__Prompt__
Write out the records in full and without alteration, setting aside their pictures.

__Provided entries__
____________________

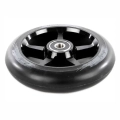 versatyl-110-kolko-hulajnogi-wyczynowej-rolle-stunt-scooter-wheel-kolecko-kolobezka-black (2).webp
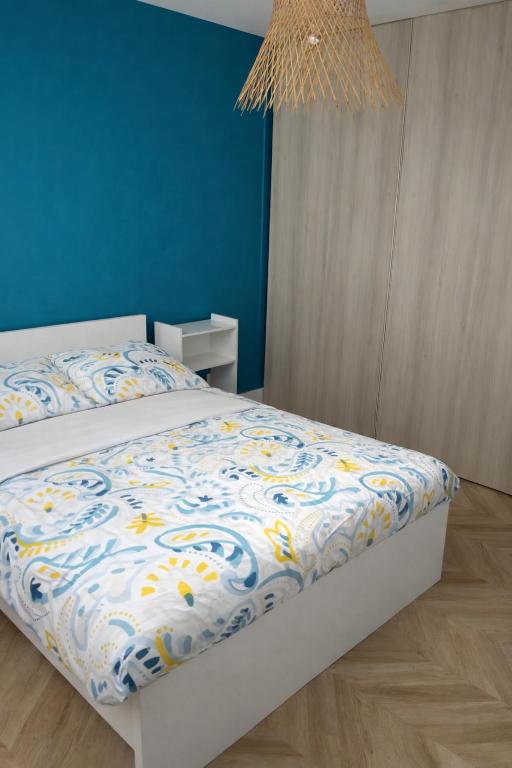 Chambre privée proche centre ville - 5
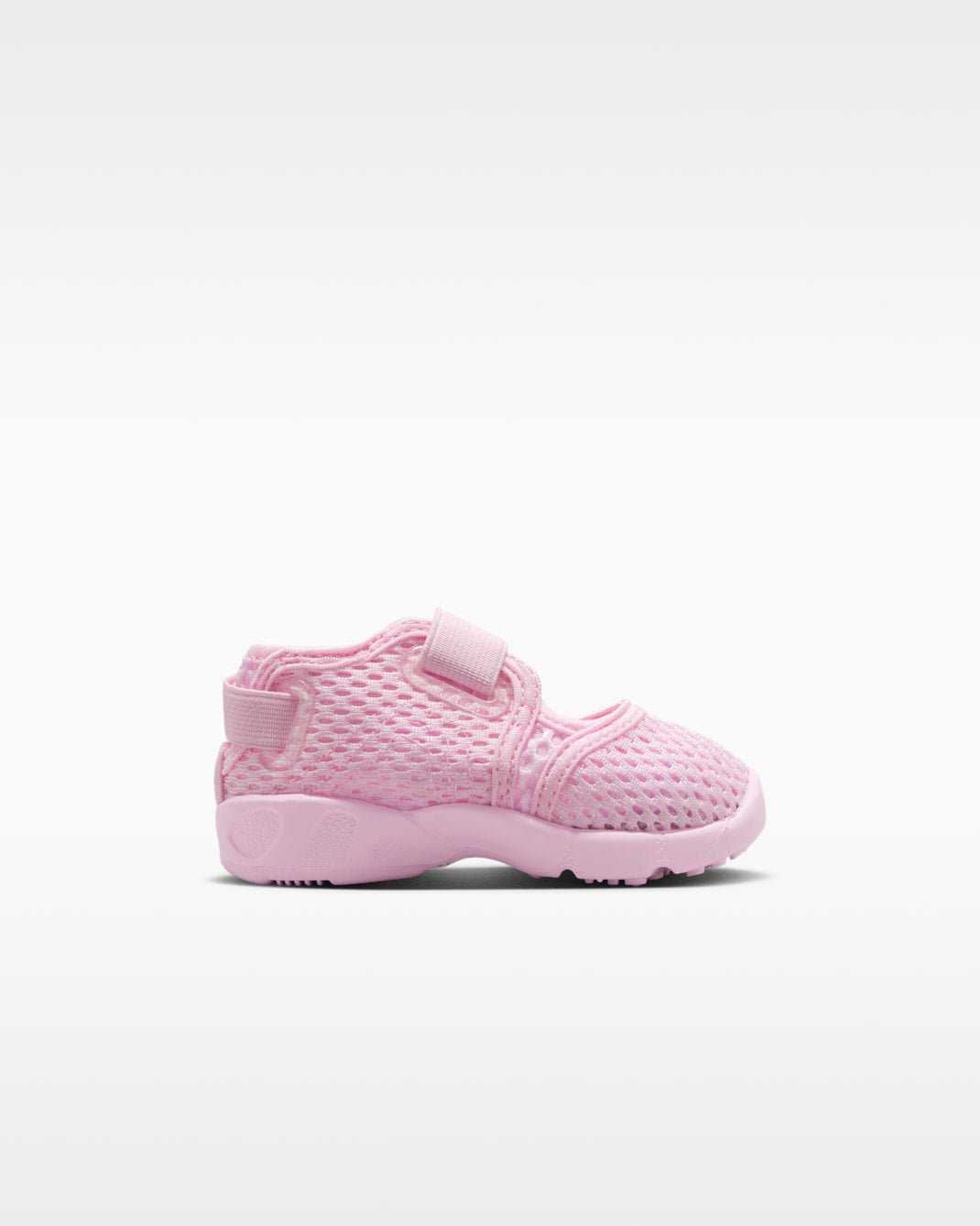 나이키 신발 일본 NIKE 리프트 2 아기 샌들 FB5528-600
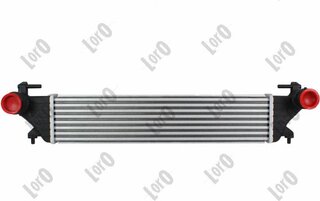 Depo / Loro 016-018-0012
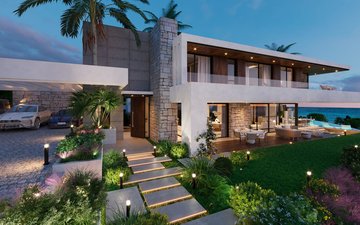 Property slide 4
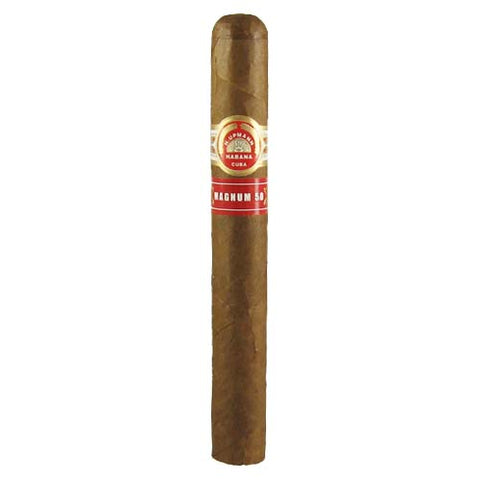 H. Upmann Magnum 50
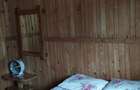 Inchiriez 2 camere la Tuzla - 5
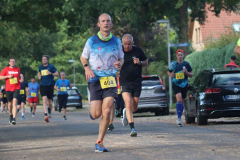 Herbstlauf0096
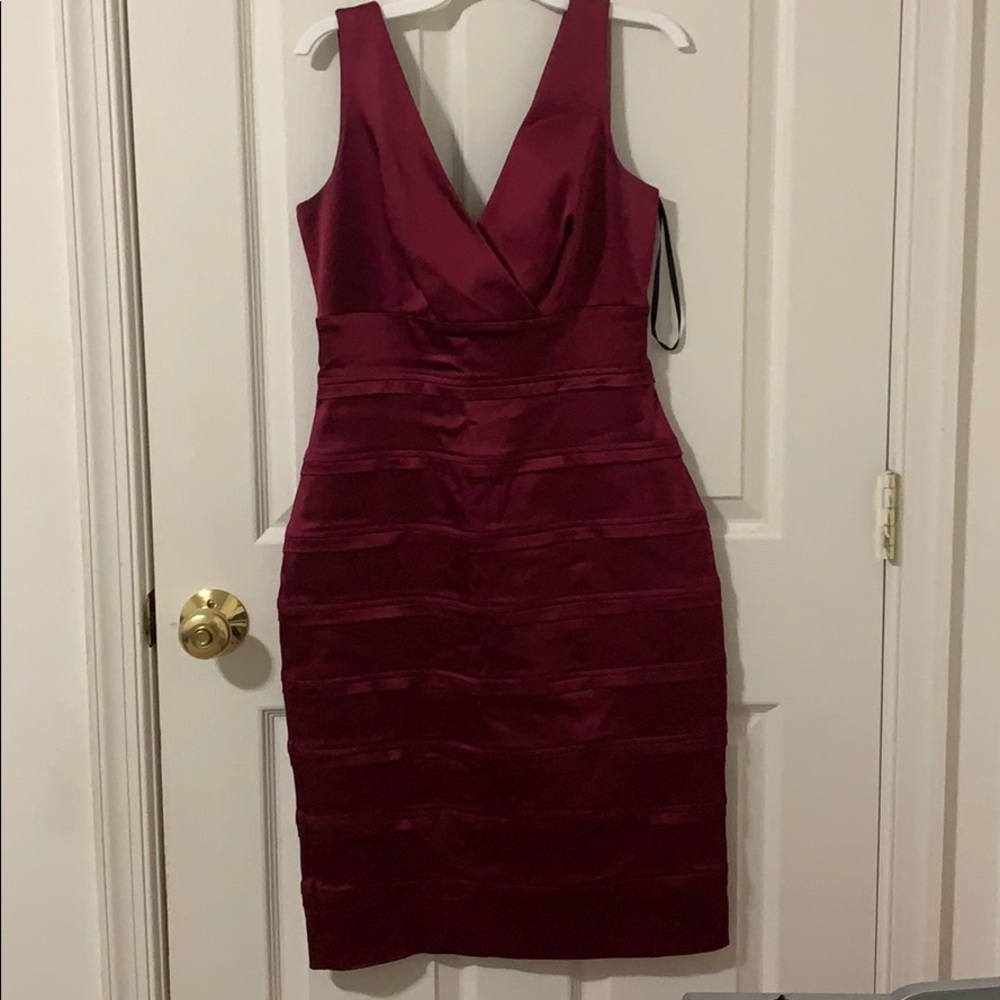 Calvin Klein Dress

____________________

__Exercise output__
 versatyl-110-kolko-hulajnogi-wyczynowej-rolle-stunt-scooter-wheel-kolecko-kolobezka-black (2).webp
 Chambre privée proche centre ville - 5
 나이키 신발 일본 NIKE 리프트 2 아기 샌들 FB5528-600
 Depo / Loro 016-018-0012
 Property slide 4
 H. Upmann Magnum 50
 Inchiriez 2 camere la Tuzla - 5
 Herbstlauf0096
 Calvin Klein Dress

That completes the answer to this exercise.